Directions: Please copy exactly the line containing "Like the Blight" and every line after it, through the last line of the records below, leaving out all pictures.
---
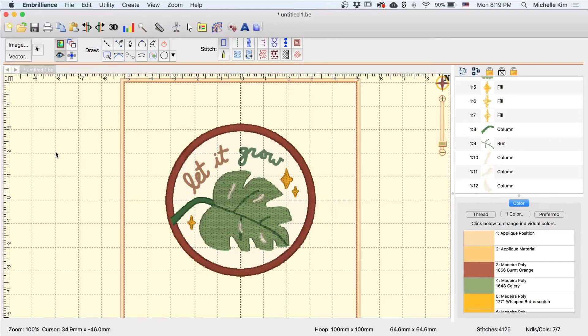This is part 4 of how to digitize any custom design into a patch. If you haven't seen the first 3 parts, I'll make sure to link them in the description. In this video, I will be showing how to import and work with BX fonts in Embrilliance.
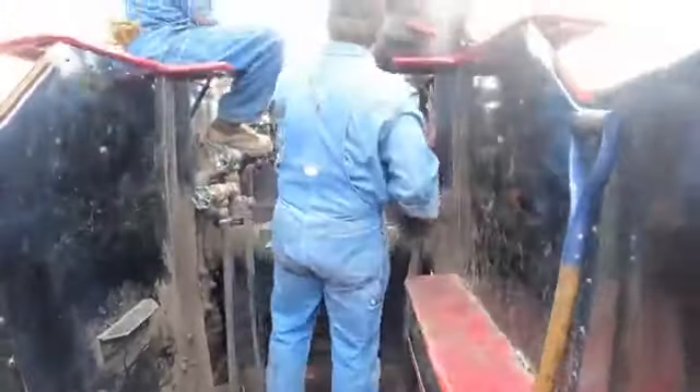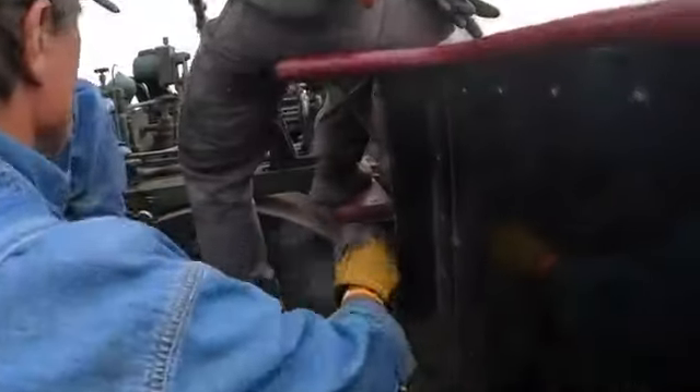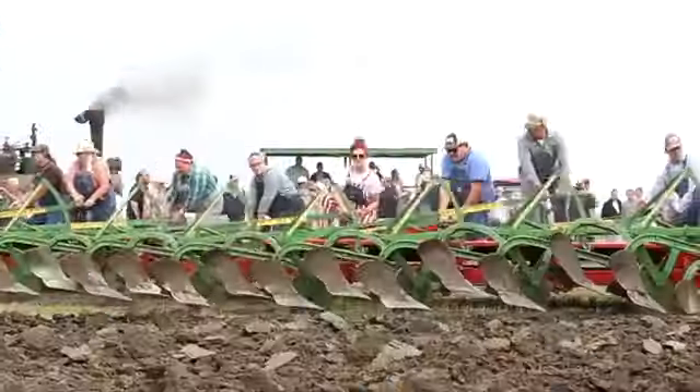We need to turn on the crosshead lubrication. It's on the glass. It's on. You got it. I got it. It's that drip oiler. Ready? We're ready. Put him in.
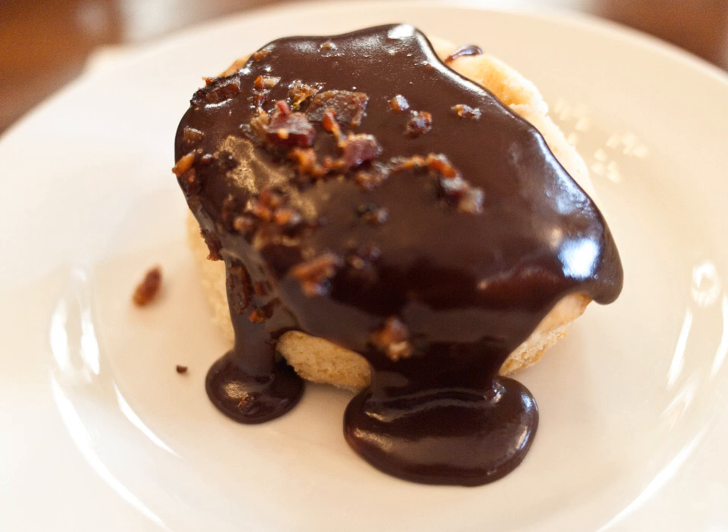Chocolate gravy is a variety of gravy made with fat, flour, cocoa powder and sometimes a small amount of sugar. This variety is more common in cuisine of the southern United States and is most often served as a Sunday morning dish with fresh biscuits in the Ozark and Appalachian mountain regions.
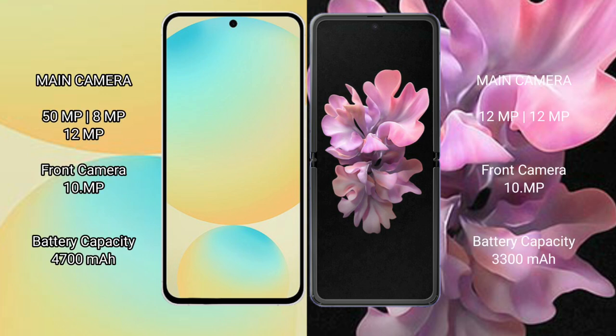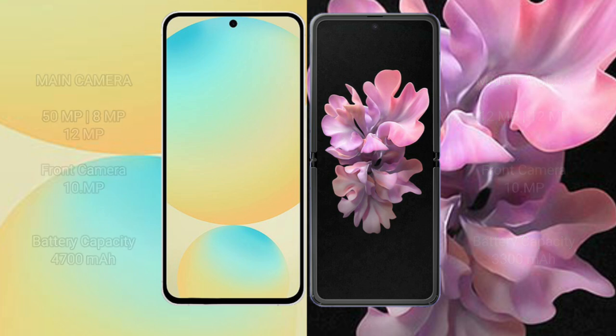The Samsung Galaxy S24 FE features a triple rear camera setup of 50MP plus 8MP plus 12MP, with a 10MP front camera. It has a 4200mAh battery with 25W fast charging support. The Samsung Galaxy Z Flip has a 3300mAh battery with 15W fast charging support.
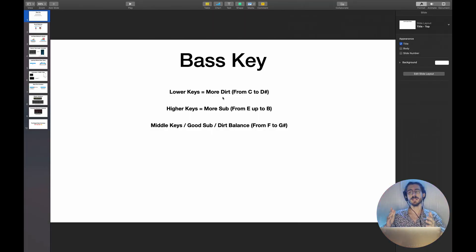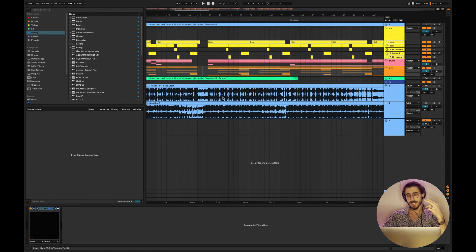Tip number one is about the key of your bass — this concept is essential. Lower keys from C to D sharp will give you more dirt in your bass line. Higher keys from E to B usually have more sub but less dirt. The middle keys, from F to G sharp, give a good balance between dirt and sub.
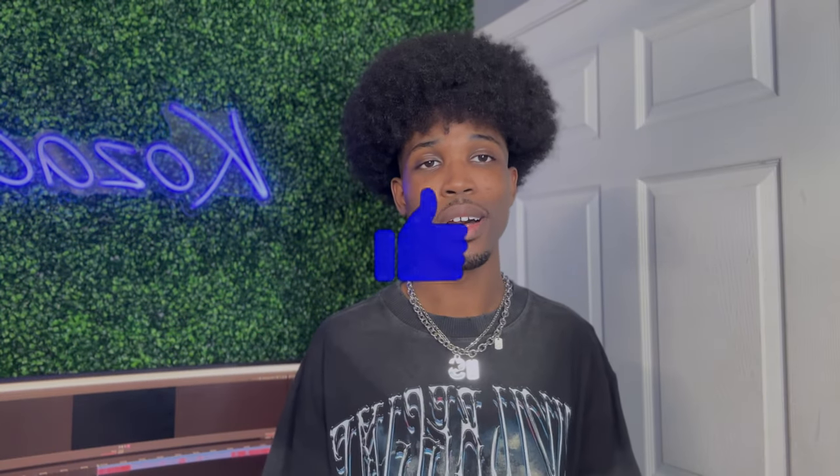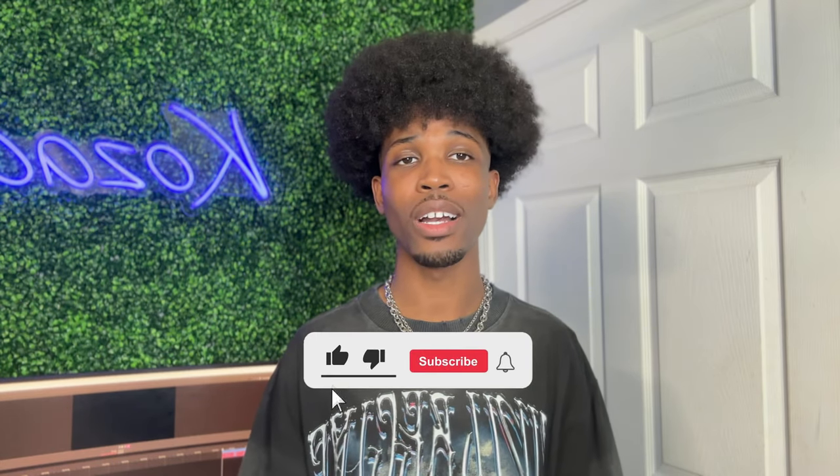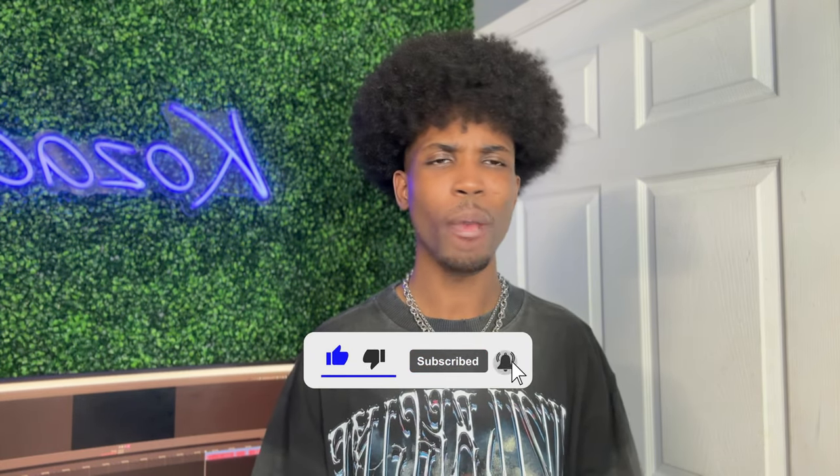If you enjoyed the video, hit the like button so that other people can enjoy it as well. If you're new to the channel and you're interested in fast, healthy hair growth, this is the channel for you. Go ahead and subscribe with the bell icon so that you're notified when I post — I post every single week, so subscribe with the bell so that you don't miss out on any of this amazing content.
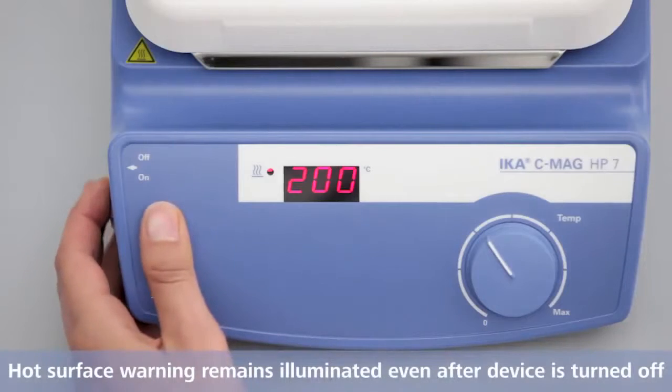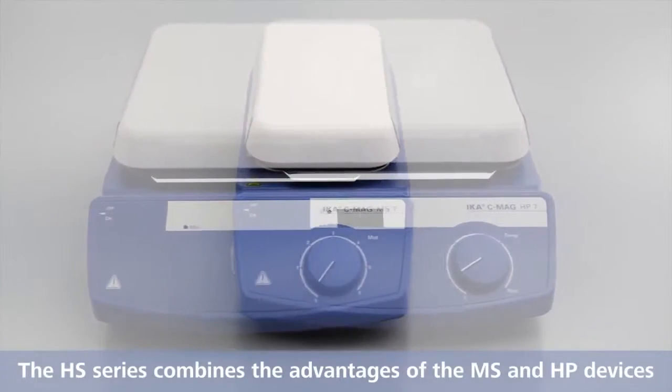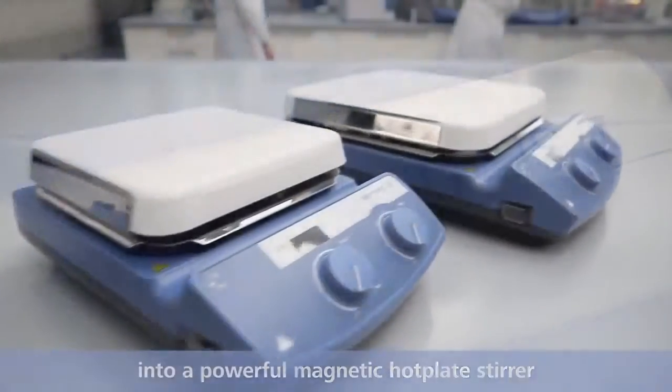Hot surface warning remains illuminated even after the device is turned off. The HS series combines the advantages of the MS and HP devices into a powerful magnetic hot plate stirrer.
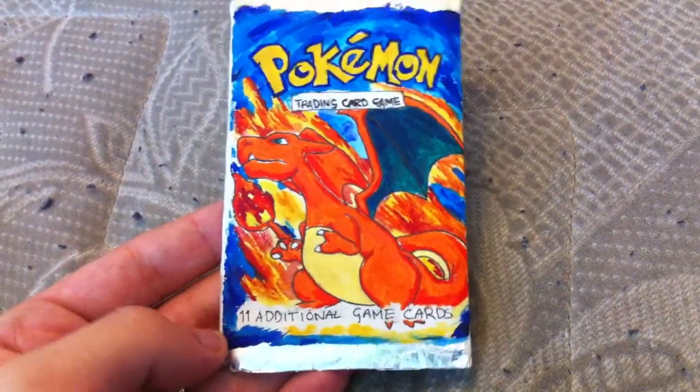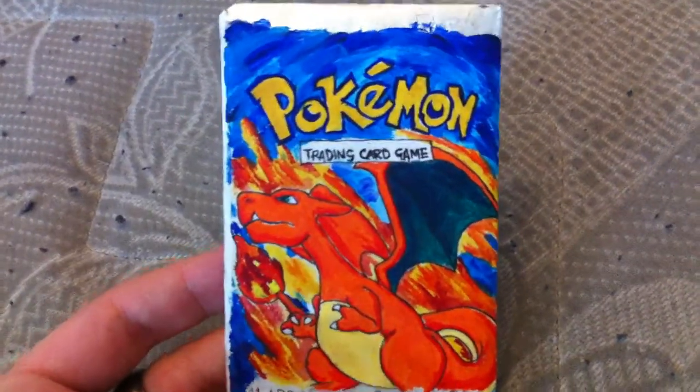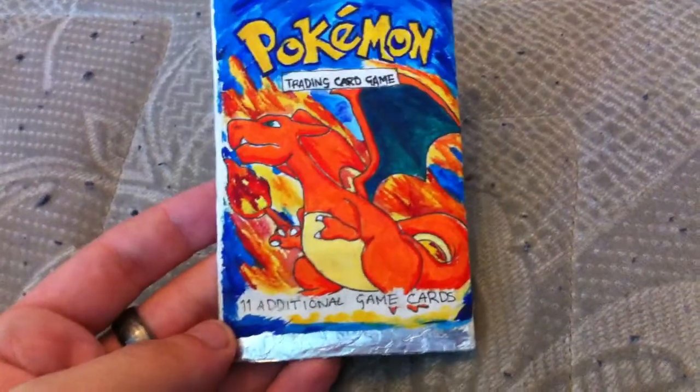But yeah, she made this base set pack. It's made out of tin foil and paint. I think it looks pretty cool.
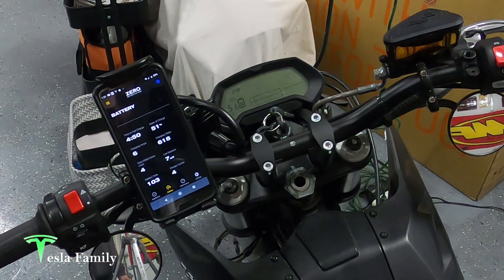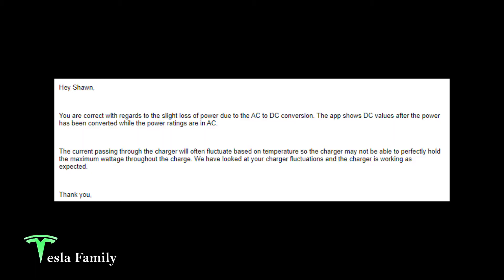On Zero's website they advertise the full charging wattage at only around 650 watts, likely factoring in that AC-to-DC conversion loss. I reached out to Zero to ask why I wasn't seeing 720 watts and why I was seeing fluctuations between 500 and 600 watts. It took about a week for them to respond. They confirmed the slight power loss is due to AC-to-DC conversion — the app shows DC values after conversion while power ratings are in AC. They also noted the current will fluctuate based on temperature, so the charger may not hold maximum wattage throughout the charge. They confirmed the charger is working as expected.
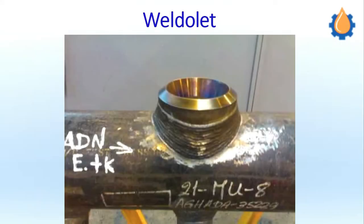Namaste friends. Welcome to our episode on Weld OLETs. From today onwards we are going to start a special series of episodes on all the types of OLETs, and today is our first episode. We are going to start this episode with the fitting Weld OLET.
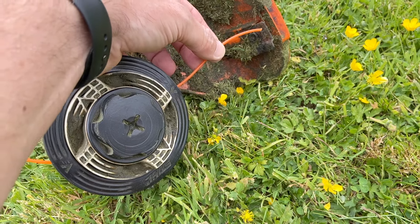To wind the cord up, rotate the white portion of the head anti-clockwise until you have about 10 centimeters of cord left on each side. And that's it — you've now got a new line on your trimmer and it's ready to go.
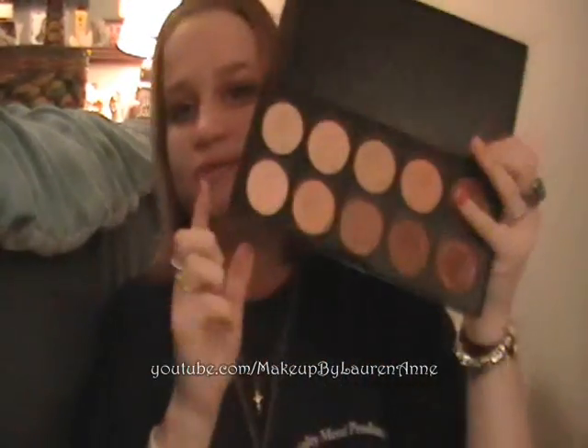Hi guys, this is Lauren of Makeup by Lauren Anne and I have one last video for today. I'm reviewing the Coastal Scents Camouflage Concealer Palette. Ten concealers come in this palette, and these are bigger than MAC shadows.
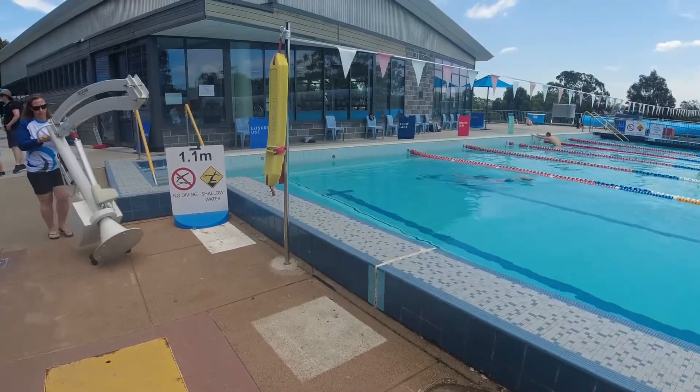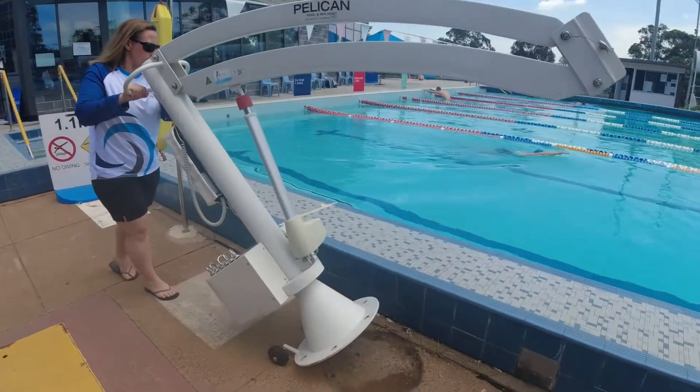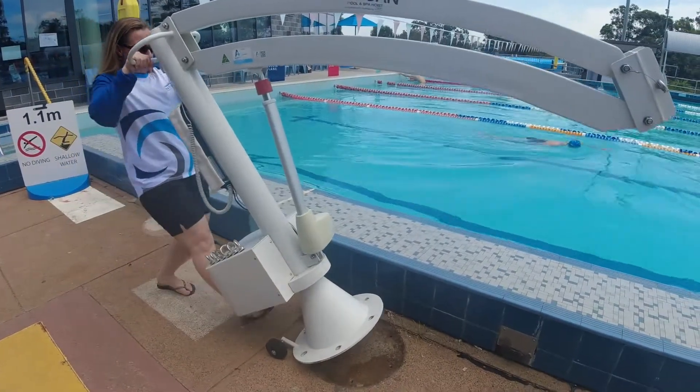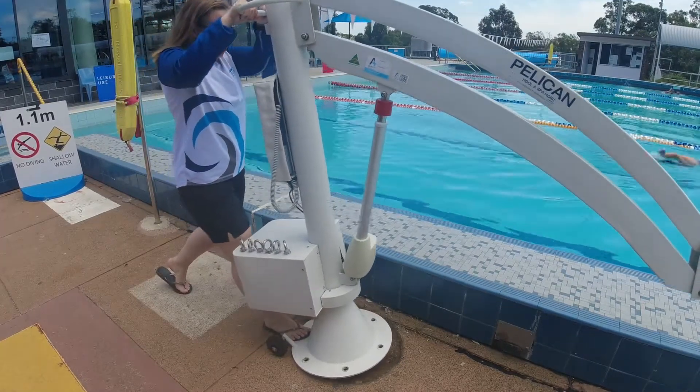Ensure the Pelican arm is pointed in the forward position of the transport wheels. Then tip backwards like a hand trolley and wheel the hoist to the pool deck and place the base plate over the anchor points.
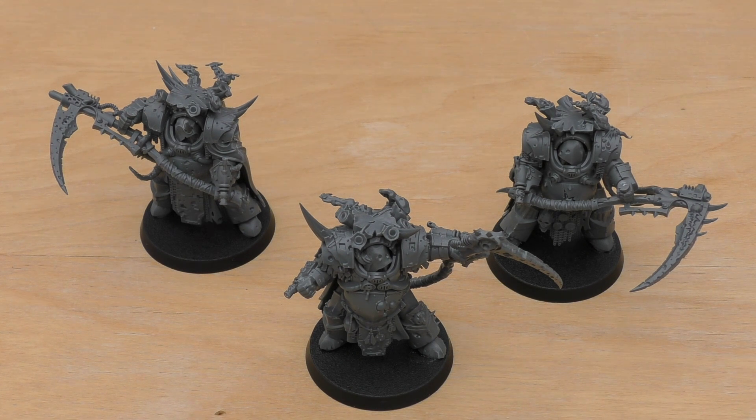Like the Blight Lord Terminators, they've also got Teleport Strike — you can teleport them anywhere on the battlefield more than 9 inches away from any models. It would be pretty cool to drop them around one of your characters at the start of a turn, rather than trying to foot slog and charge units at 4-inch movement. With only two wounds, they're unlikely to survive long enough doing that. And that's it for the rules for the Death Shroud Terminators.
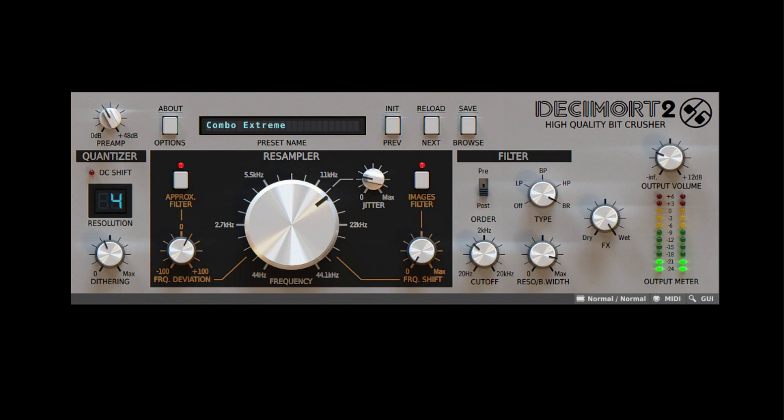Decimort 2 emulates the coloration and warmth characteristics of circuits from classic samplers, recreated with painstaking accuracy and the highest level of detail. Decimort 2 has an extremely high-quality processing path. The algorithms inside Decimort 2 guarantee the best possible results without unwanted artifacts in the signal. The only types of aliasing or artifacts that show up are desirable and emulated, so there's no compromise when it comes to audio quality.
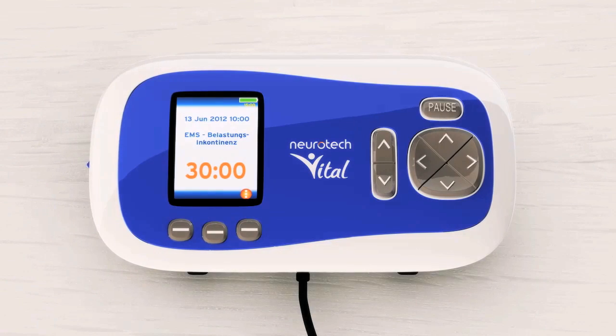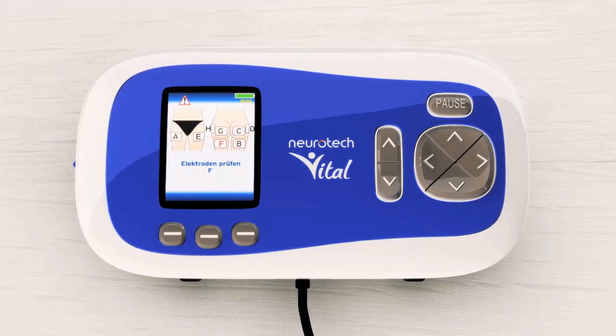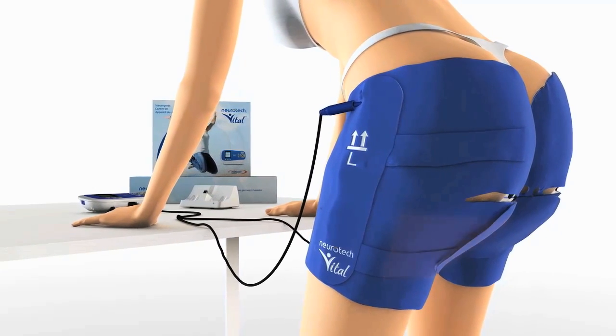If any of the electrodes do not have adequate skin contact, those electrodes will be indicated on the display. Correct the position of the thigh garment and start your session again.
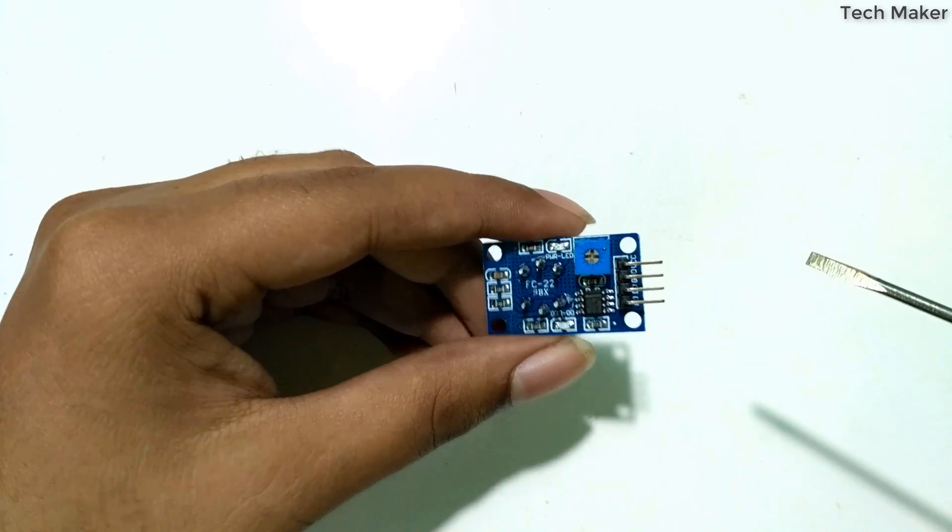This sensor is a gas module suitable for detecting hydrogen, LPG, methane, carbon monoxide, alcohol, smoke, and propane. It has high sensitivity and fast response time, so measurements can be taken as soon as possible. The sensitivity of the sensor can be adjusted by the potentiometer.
---
Result for this task:
Like the Blight Lord Terminators, they've also got Teleport Strike — you can teleport them anywhere on the battlefield more than 9 inches away from any models. It would be pretty cool to drop them around one of your characters at the start of a turn, rather than trying to foot slog and charge units at 4-inch movement. With only two wounds, they're unlikely to survive long enough doing that. And that's it for the rules for the Death Shroud Terminators.
Decimort 2 emulates the coloration and warmth characteristics of circuits from classic samplers, recreated with painstaking accuracy and the highest level of detail. Decimort 2 has an extremely high-quality processing path. The algorithms inside Decimort 2 guarantee the best possible results without unwanted artifacts in the signal. The only types of aliasing or artifacts that show up are desirable and emulated, so there's no compromise when it comes to audio quality.
If any of the electrodes do not have adequate skin contact, those electrodes will be indicated on the display. Correct the position of the thigh garment and start your session again.
This sensor is a gas module suitable for detecting hydrogen, LPG, methane, carbon monoxide, alcohol, smoke, and propane. It has high sensitivity and fast response time, so measurements can be taken as soon as possible. The sensitivity of the sensor can be adjusted by the potentiometer.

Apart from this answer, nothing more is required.